6月の野草茶

 かつて住んでいた海辺の町の、ちいさなグローサリーから野草茶の注文をいただいた。できたては香りがよいので、毎回、できるだけ発送の直前に調合して袋詰めするようにしている。

 野草茶あわせは、場を整えるところからはじまる。シンクに置いてある洗い物はすべて終え、コンロまわりを磨き、作業台を拭き清める。鉄のフライパンは重曹や灰汁で念入りに洗い、火にかけてしっかりと乾かす。その日によって、ホワイトセージを焚いたり、ろうそくをつけたりと、気持ちが落ち着くような工夫をする。

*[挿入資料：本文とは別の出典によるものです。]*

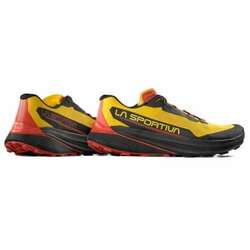 La sportiva алхалт, гүйлт, уулын пүүз
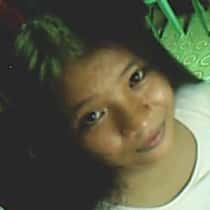 enelyn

 野草茶のベースは、高知でよく飲まれているきし豆茶とはぶ茶。はぶ茶は去年作った残りがあとわずかになってきた。去年の夏、汗をかきながら作業したことを思い出す。1メートル以上に伸びたものを、刈り取って、たたいて、切って、干す。今年は去年のこぼれ種からあちらこちらに芽が出たので、せっせと移植して「はぶ茶畑」を作っている。鮮やかな山吹に似た花が咲いた頃に刈り取れば、花付きのはぶ茶ができる。去年はタイミングを逃してしまったので、今年は必ず、と思っている。

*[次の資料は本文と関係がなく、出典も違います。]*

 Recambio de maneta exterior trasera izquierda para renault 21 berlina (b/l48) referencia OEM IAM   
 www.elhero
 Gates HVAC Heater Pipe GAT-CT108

 この時期は、春に摘んだ花を使えるのがうれしい。カモミールにローズゼラニウム、それから母子草(ははこぐさ)。カモミールはこれまで花だけ摘み取っていたが、「メキシコでは茎も葉もついたまま乾燥させてお茶にしていて、味も良かった」と聞いて、 あわてて 最後のカモミールを刈り取って干した。仕上がりは上々。花だけ摘むのは大変な手間なので(今年は少ししかできなかった)、来年からはこの方法にしようと思う。ローズゼラニウムはピンクの色も、香りも、伸びる力もすべてが強い。このハーブに出会ったばかりのときは、それほど心ひかれなかったが、数年を経た今、そのまっすぐな強さを持つ花を好ましく思うようになった。

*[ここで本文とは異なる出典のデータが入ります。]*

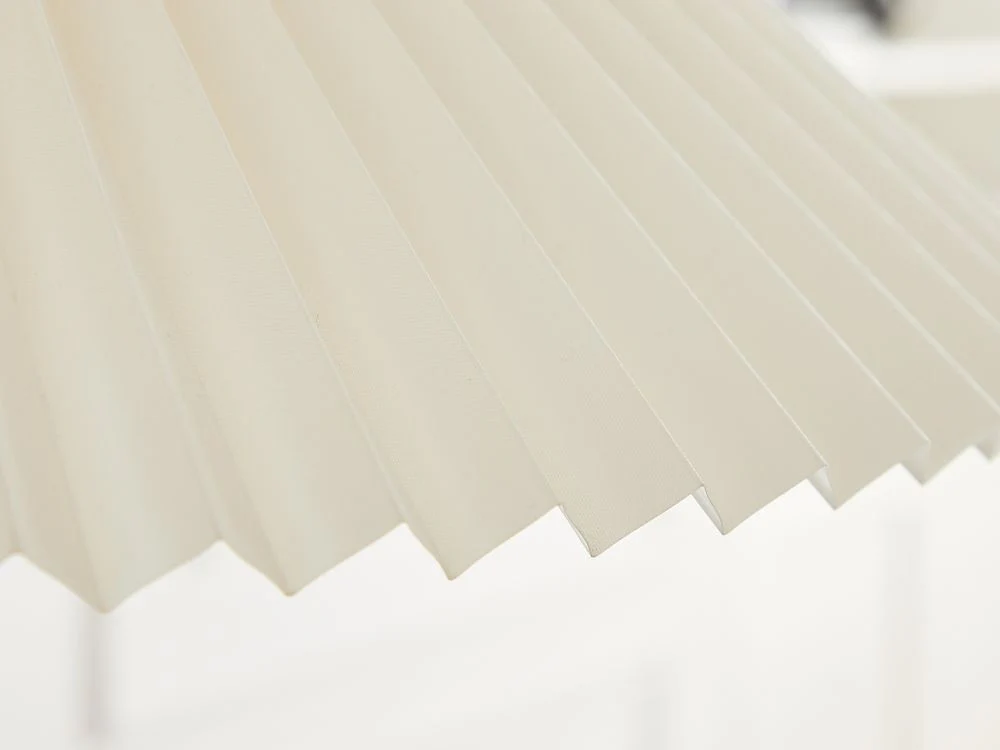 Avery Floor Lamp - Image 11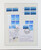 Kavel 3502 (78)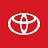 Harr Toyota Service Center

 ハーブは、レモングラスとヴェルヴェーヌ。レモングラスは湿度と気温が高い時にぴったりの清涼感。料理に使えばたちまち東南アジアの雰囲気が生まれる。ヴェルヴェーヌは、4年前に手に入れた一株を大切に育てていて、葉がずいぶんと茂るようになった。ヴェルヴェーヌはフランス語で、英語ではレモンバーベナ。うっとりするような、香水といってもよいくらいの香りに、毎回新鮮な驚きを覚える。最初の芽吹きの後にすこし摘み取ったので、脇芽がつぎつぎと出てきた。今年は瓶にたくさん保存できそう。

 ここ数年、とくべつに親密に感じている素材が月桃と黒文字。どちらもお茶にすると淡いピンクベージュになり、すこしスパイシーな、清々しい香りがする。いずれも見た目は地味だが、うちに秘めたものがある植物のような気がしている。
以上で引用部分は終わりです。